Ipercinetico (e, a tratti, ipertrofico, nella rappresentazione dei dettagli), Red affronta -come mai era accaduto finora in Disney Pixar- temi come pubertà, attrazione fisica, pulsioni sessuali e maturazione sessuale (e non solo, come da registro, anagrafica).
Resta indietro l’omosessualità (o, meglio, la definizione delle tendenze sessuali) che, come è già accaduto in passato (la Disney ha una lunga storia di problemi con l’argomento dell’inclusività: https://www.nientepopcorn.it/notizie/curiosita/personaggi-gay-disney-lgbt-108861/), viene solo accennata e chi la coglie la coglie (vedi, il personaggio di Tyler, il bullo che, in segreto, è un fan dei 4 Town e che “ama” uno dei membri della boy band: Tyler ha solo una forte monomania per un cantante, come può averla un qualsiasi adolescente, o sta scoprendo sentimenti e attrazioni che non riesce ancora a spiegare, neppure a se stesso? …E chi lo sa?).
Già con il corto Pixar Bao, la Shi aveva toccato corde “sgradevoli” ma adulte e molto concrete, come la dipendenza affettiva, la depressione e la frustrazione (addirittura, in riferimento a una donna in età da menopausa).
Bao e Red sono ambientati in un contesto sociale e culturale preciso, quello degli immigrati asiatici in Occidente e delle prime o seconde generazioni nate e cresciute lontane dai Paesi di origine delle famiglie.
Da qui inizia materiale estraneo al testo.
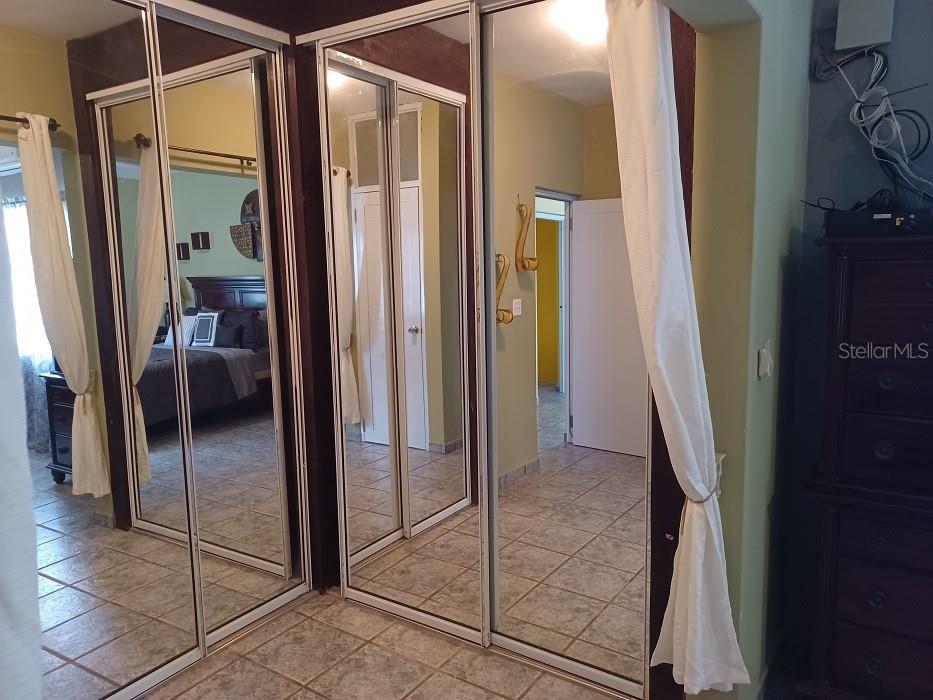 VILLA BORINQUEN - Residential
Questo elemento “rafforzativo” si inserisce bene nell’esasperazione dei temi di base legati alla transizione fisica e mentale dei protagonisti e, insomma, ritengo che sia abbastanza chiaro che la Shi abbia attinto alla propria storia personale, per descrivere con tanta efficacia le emozioni dei personaggi principali (non è un caso che la storia sia ambientata nei primi anni Duemila, quando la regista e animatrice aveva la stessa età di Meilin).
In conclusione, Red è un film per famiglie, perché tratta argomenti in cui mi sento di dire che tutti i nuclei famigliari incappano, prima o poi, ma, a dispetto di colori sfolgoranti, forme gradevoli e panda rossi pucciosi, non è un film per bambini under 13. Al di sotto di questa fascia di età, infatti, troppe cose e troppe dinamiche, soprattutto a livello emotivo, rischiano di essere incomprensibili e di rendere un rebus la comprensione della trama e la godibilità del film.